We are paying customers and at one point it looked like dotenv-vault was being sunset in favour of a new system called dotenvx, as of today I’m not sure what the future is and which system would be the one to get started with.

Twingate

TL;DR 🎉. Worked great with minimum fuss. Easy to get started. Would definitely consider using again.

When I setup our AWS infra with Pulumi I wanted to make sure that nothing was publicly accessible unless it needed to be. I also took a pass over the click-ops infra that had been setup before I started, and restricted access to that where possible. So now we needed a way for engineers to connect to the infra. Enter Twingate, “a central Zero Trust orchestration layer”.

I found it very easy to deploy tiny Twingate EC2 connectors into our VPCs, or Twingate containers into k8s. There’s a Pulumi integration, too, which worked. My only tiny niggle was it felt like I was constantly being emailed to upgrade because a patch or minor version had been released.

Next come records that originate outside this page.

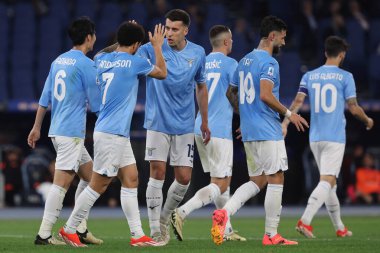 Roma, İtalya 12.04.2024: Lazio 'dan Felipe Anderson 3-1 gol attı ve İtalya Serie A TIM 2023-2024 futbol müsabakasında takımla birlikte Roma' daki Olimpiyat Stadyumu 'nda SS LAZIO-SALERNITANA CALCIO.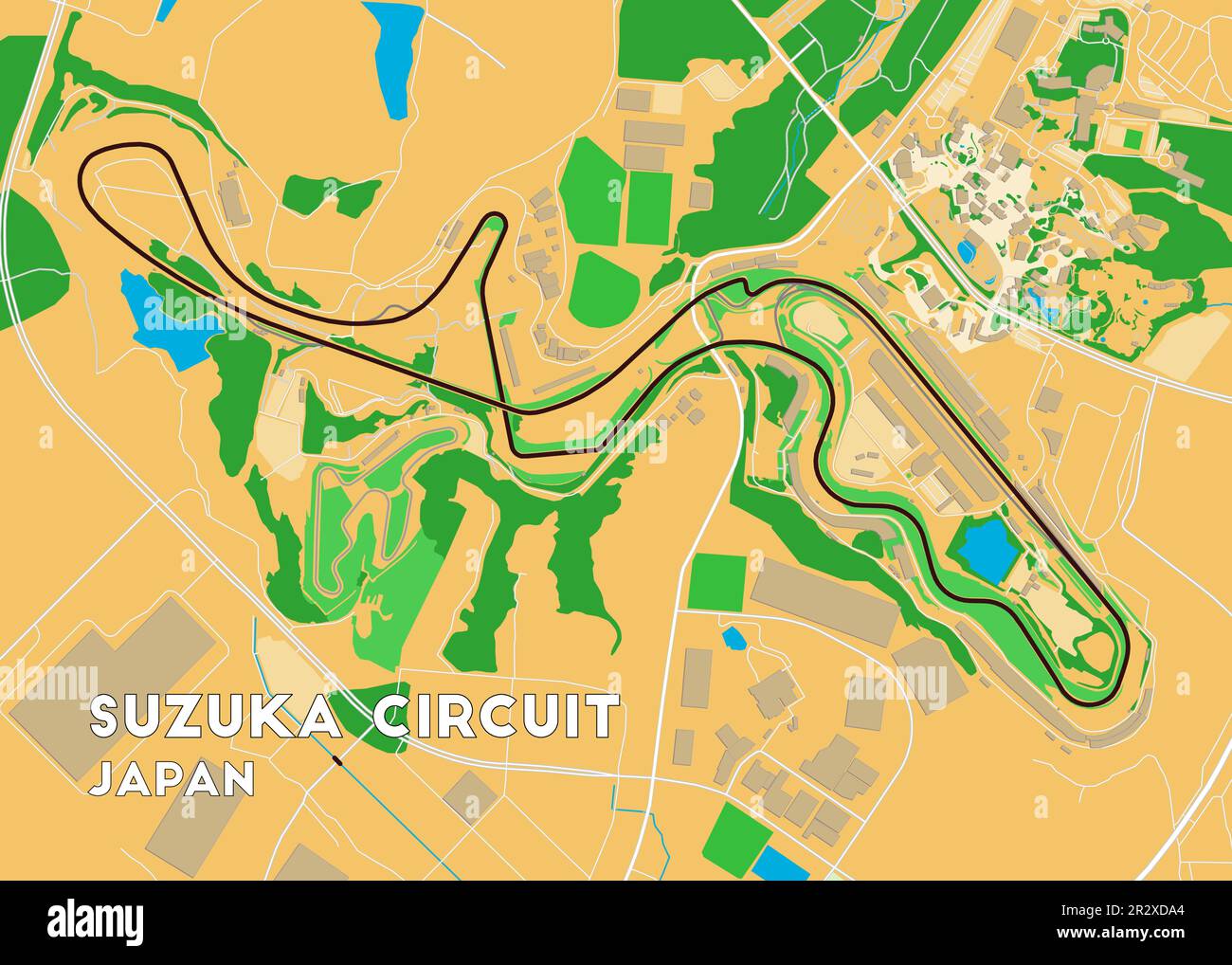 Japan Suzuka Circuit map art Stock Vector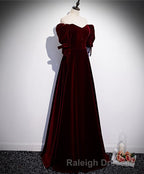 Modest Charming Burgundy Long Prom Dresses Vintage Evening Dresses With Bowknot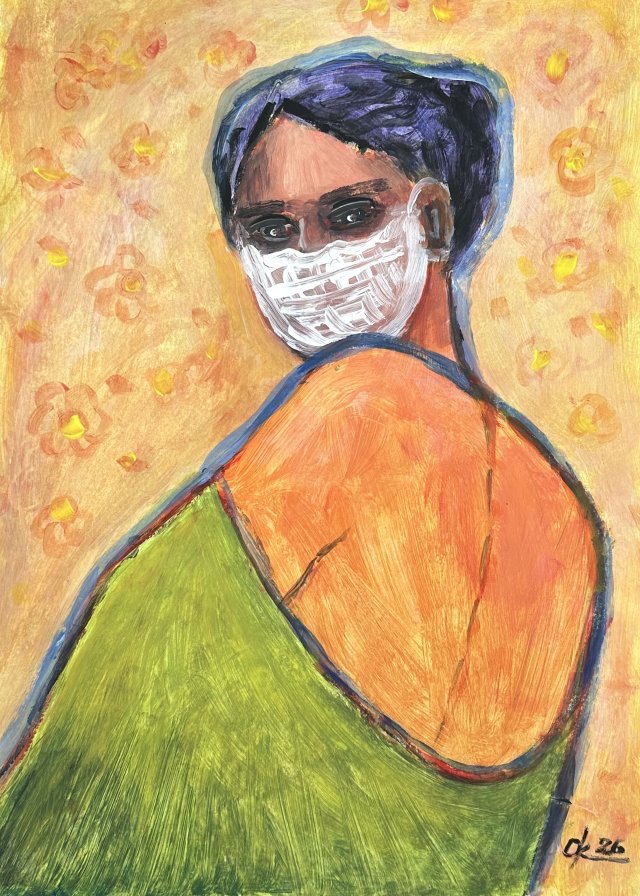 Echo kwarantanny, 44*31 cm, Oryginalny obraz akrylowy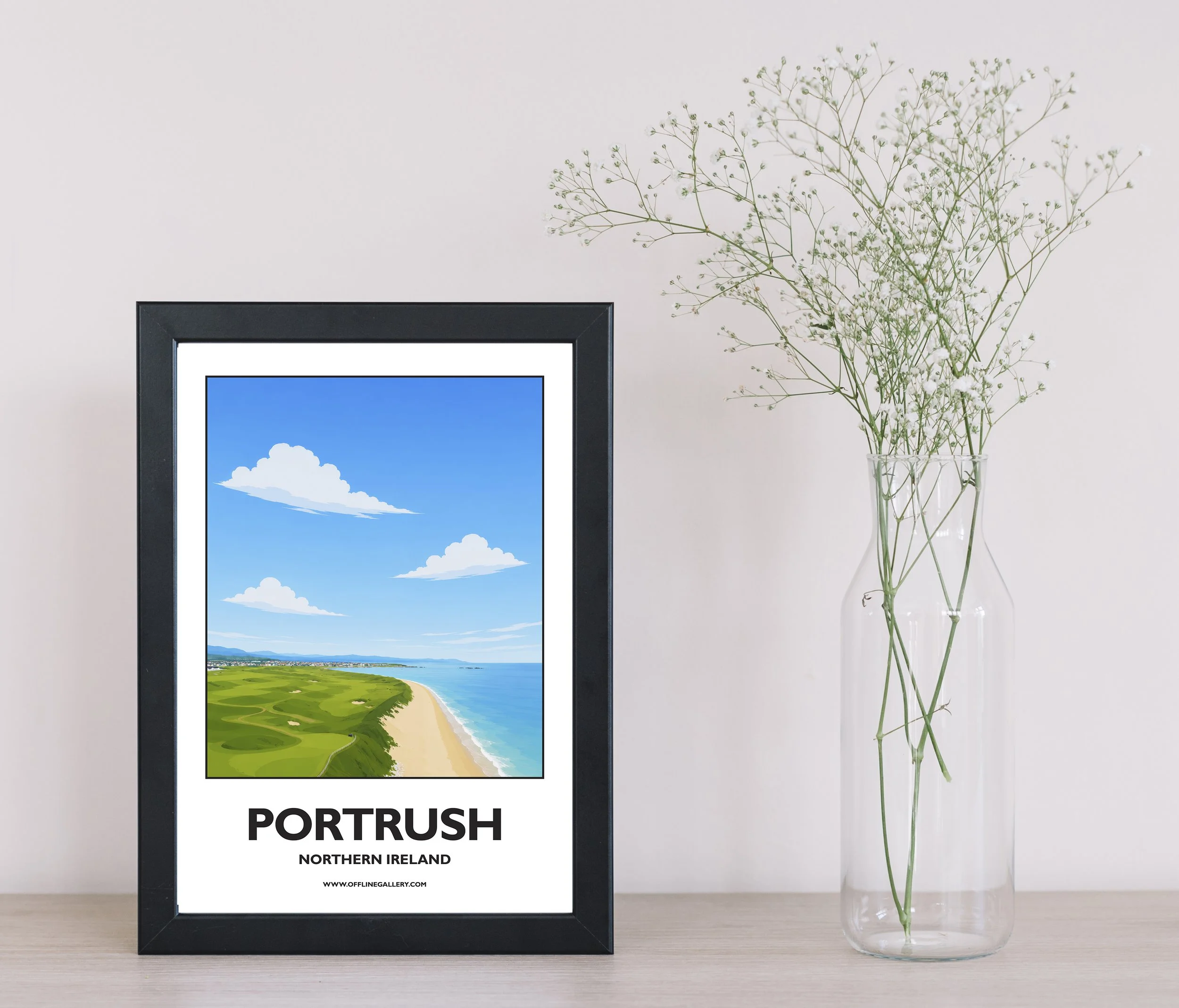 A4.1 - Stunning poster of the Portrush coast for sale, perfect for art lovers and collectors. Ideal for home or office, this artwork brings a touch of Northern Ireland's natural charm to any setting.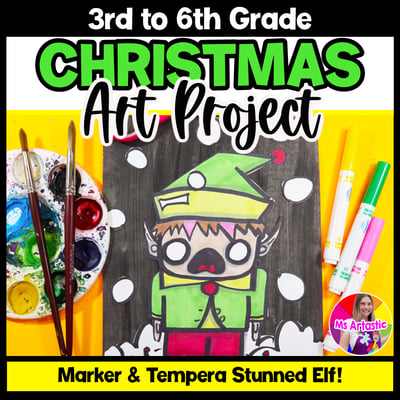 Christmas Art Lesson Santas Elf Art Project Christmas Art Activities Artwork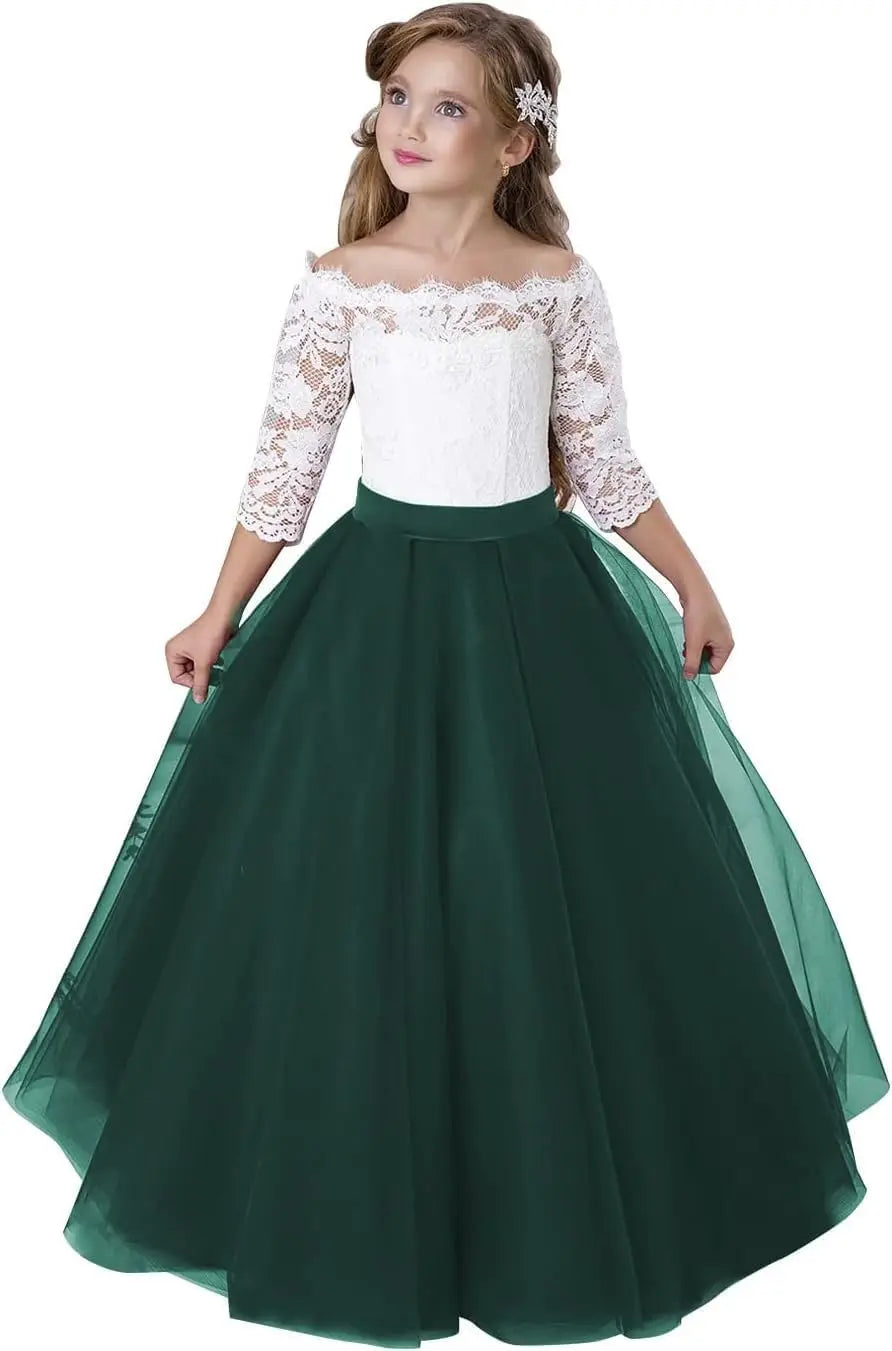 Blumenmädchenkleid Langarm Kinder Weiß Spitze Kinder Festzug Party Weihnachten Ballkleid Erstkommunion Kleider 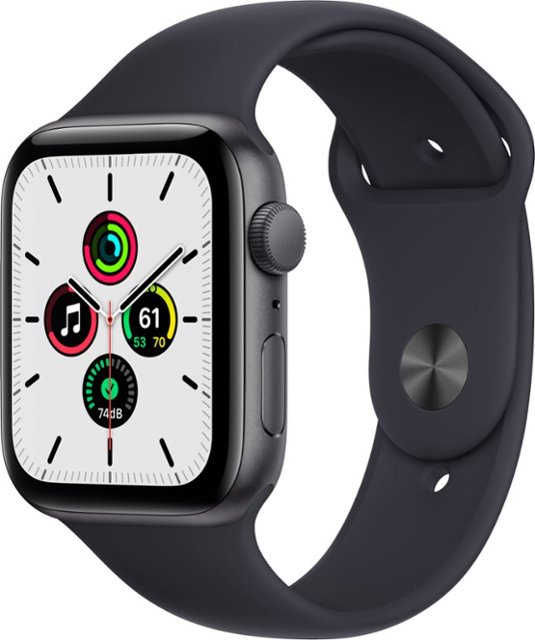 Front Zoom. Apple Watch SE (GPS) 44mm Space Gray Aluminum Case with Sport Band - Space Gray.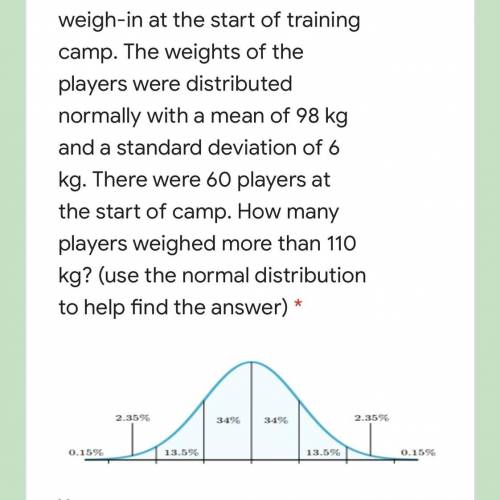 PLEASE HELP! The AHS football team did a

weigh-in at the start of training
camp. The weights of t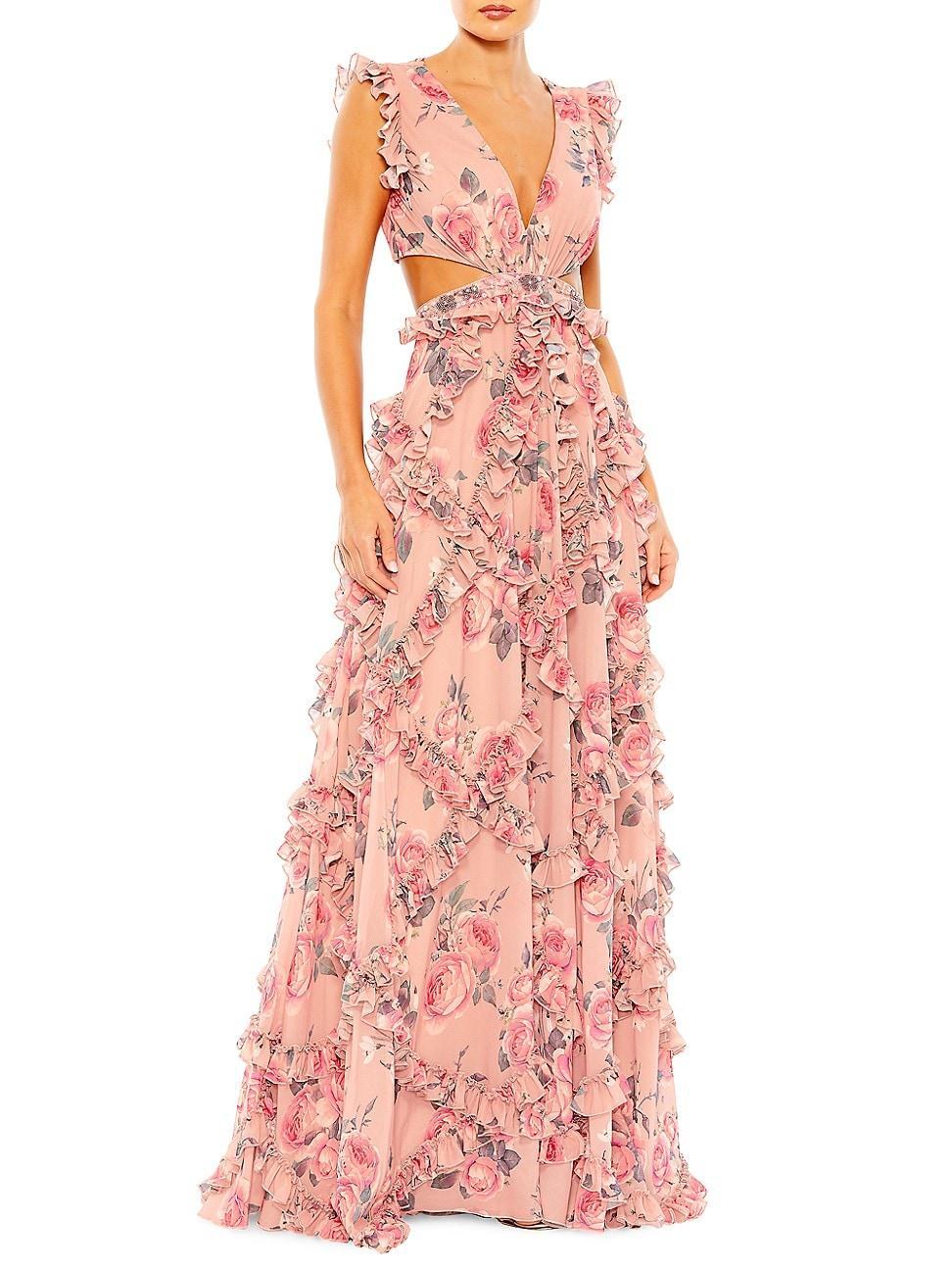 Womens Floral Chiffon Cut-Out Gown Product Image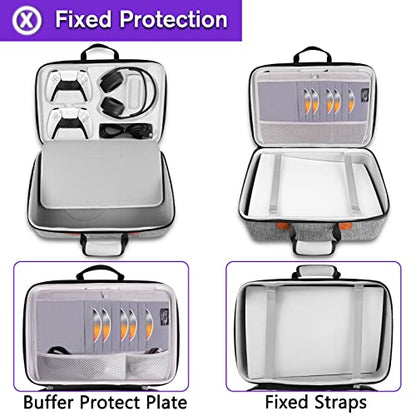 YOREPEK Hard Shell Travel Carrying Case Compatible with PS5, PS5 Pro | Travel Protective Bag Suitable for Playstation 5 Digital Edition, Console, Controllers, Headset and Gaming Accessories, Grey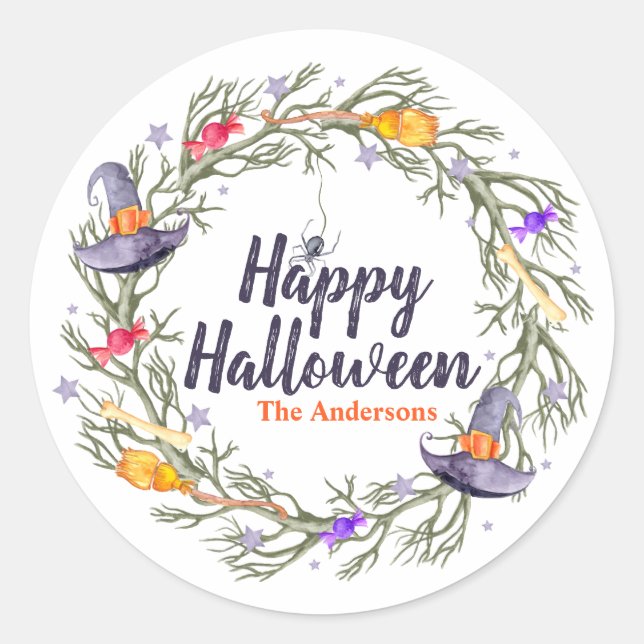 Sticker Rond Joyeuse couronne d'Halloween personnalisée | Sceau (Devant)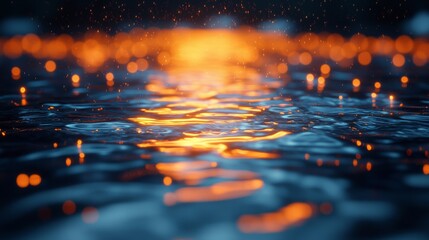 Fototapete - Enigmatic Reflections: Abstract Water Surface with Orange Bokeh Lights and Dark Blue Hues, Creating a Dreamlike, Serene, and Mysterious Atmosphere.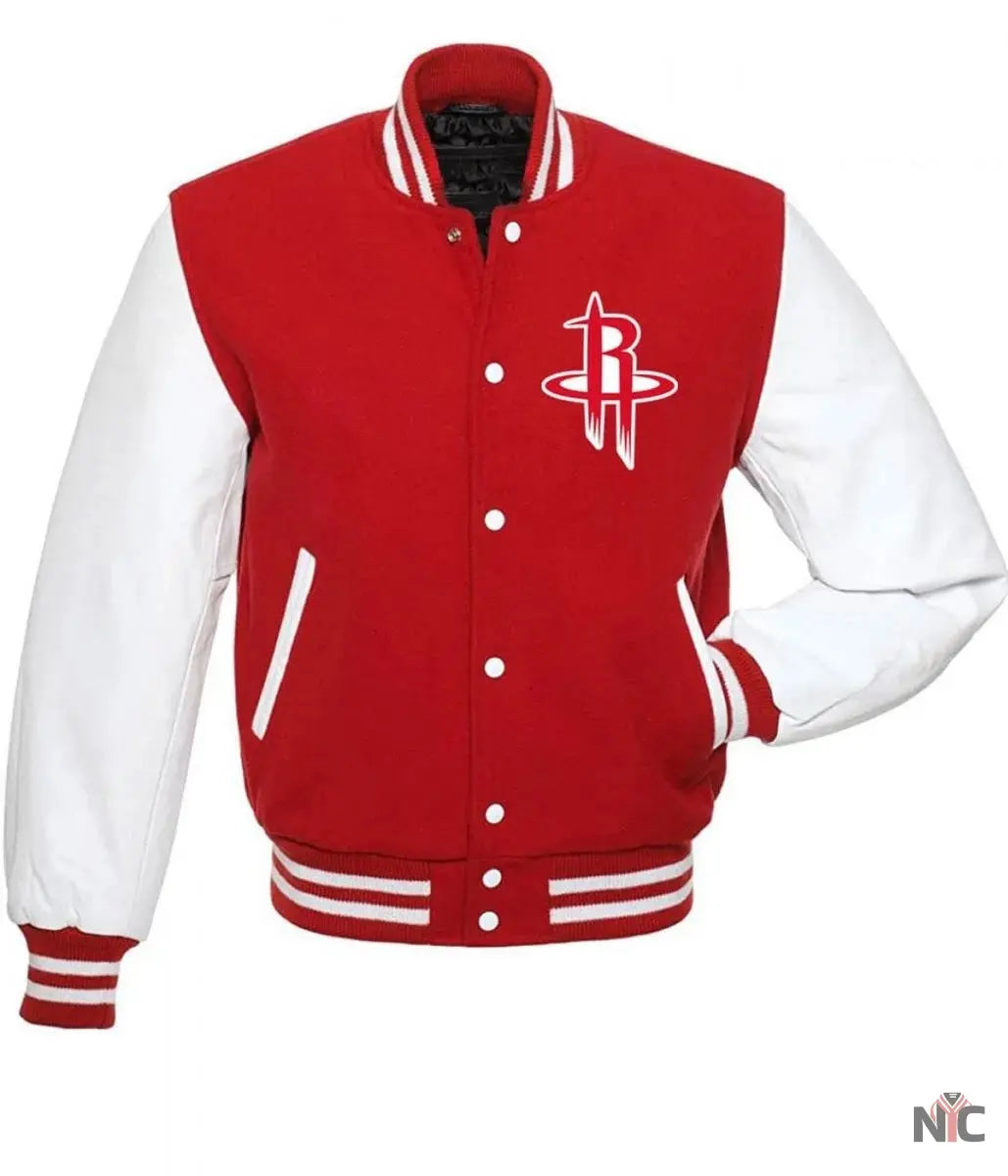 Houston Rockets NBA Letterman Red and White Jacket NYC Jackets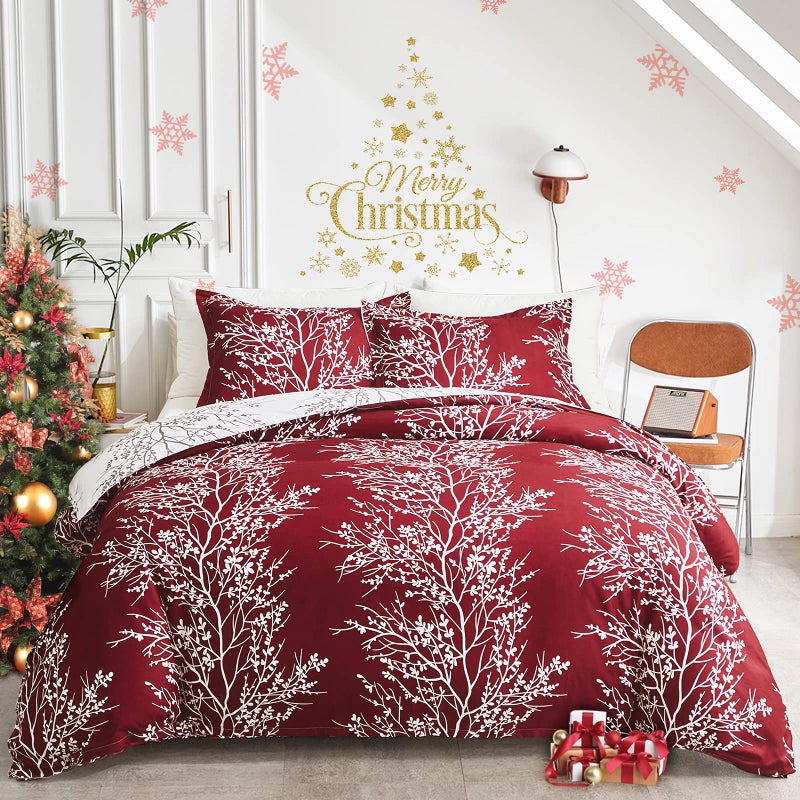 Flysheep Burgundy Red Botanical Christmas Comforter Set Queen Full Size Red and White Tree Branch Floral Reversible 3 Piece Bedding Set Ultra Soft Microfiber for All Season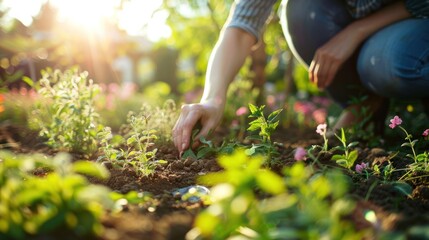Fototapeta premium Gardener Tending to Plants in a Lush Garden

To their credit, I could go a long time without updating and I don’t think it ever caused a problem, but it was hard to tell whether any particular release mattered to me, because there were so many of them.

The Mac app worked like a charm: try to connect to Postgres and it would pop a notification asking me to authenticate. If I got through the Google SSO process fast enough the database client might even connect before it timed out. The app lowers the barrier for anyone wanting to connect to the infrastructure. No arcane command line incantations, no VPN messing up the rest of your internet (I know it doesn’t have to be that way). It worked and then it stayed out of the way.